Texas Rangers

Ohlendorf still in Rangers’ rotation race despite early exit

Ross Ohlendorf pitched two strong innings Sunday, but had to leave early due to tightness in his right groin.
Ross Ohlendorf pitched two strong innings Sunday, but had to leave early due to tightness in his right groin. S-T

The dubious honor of being the latest Texas Rangers starting pitcher to leave a game early because of injury goes to Ross Ohlendorf, who had tossed two strong innings Sunday before feeling discomfort in his right groin.

He became the fourth starter this spring to exit before he should have, joining left-hander Ross Detwiler and fellow right-handers Yu Darvish and Anthony Ranaudo.

Everyone knows how badly one of those turned out, with Darvish in Florida for Tommy John surgery with Dr. James Andrews on Tuesday.
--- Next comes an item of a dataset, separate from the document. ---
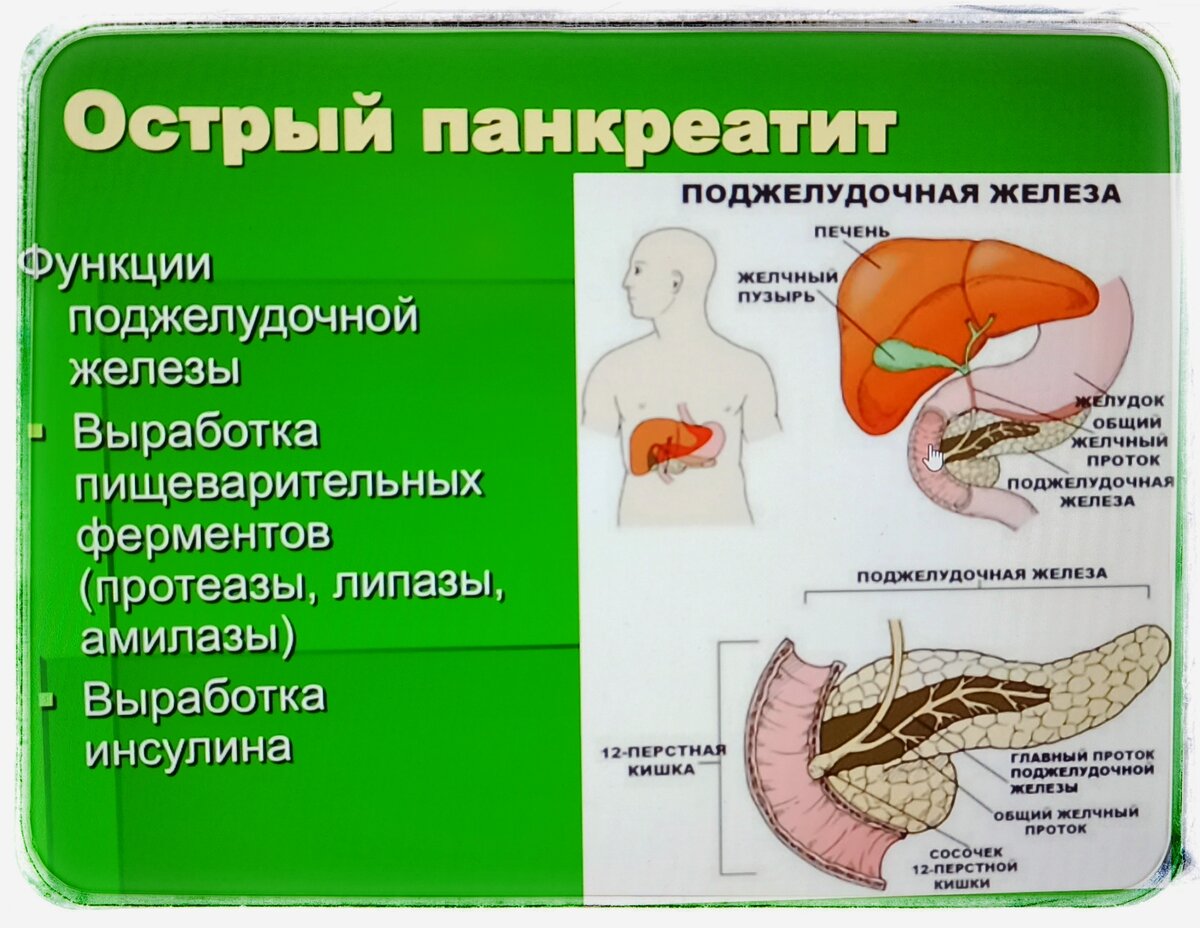 Поджелудочная железа где находится как лечить. Болезнь пищеварительной системы панкреатит. Лекарства воспаление поджелудочной железы панкреатит.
“I know Anthony and Ross are fine,” Ohlendorf said.

Indeed they are, with Ranaudo’s elbow problem from Thursday a non-issue — as he said it would be — and with Detwiler’s bruised right hand also not a concern. They won’t miss any time.

Ohlendorf doesn’t expect to miss much time either, which is vital as he continues to compete for a spot in the Rangers’ rotation.

The Austin native has pitched himself into the thick of the race, and while some might be surprised by his early performance, he said he has been trending the right way since 2013.

“I felt like two years ago I’d really started to learn some strengths of mine and started to develop my strengths,” Ohlendorf said. “I feel like I’ve continued to become a better pitcher.

“Some of that’s just experience and having more confidence in things, and also learning more about myself. I think my stuff’s been as good as it’s been, too.”

A cynic would argue that a pitcher who once went 1-11 and followed it up with consecutive seasons of 8.15 and 7.77 ERAs had nowhere to go but up.

Ohlendorf, though, made a dramatic jump in 2013 with Washington, going 4-1 with a 3.28 ERA over 60 1/3 innings. But a back strain kept him glued to the 60-day disabled list all of last season, and he was signed to a minor league deal in January.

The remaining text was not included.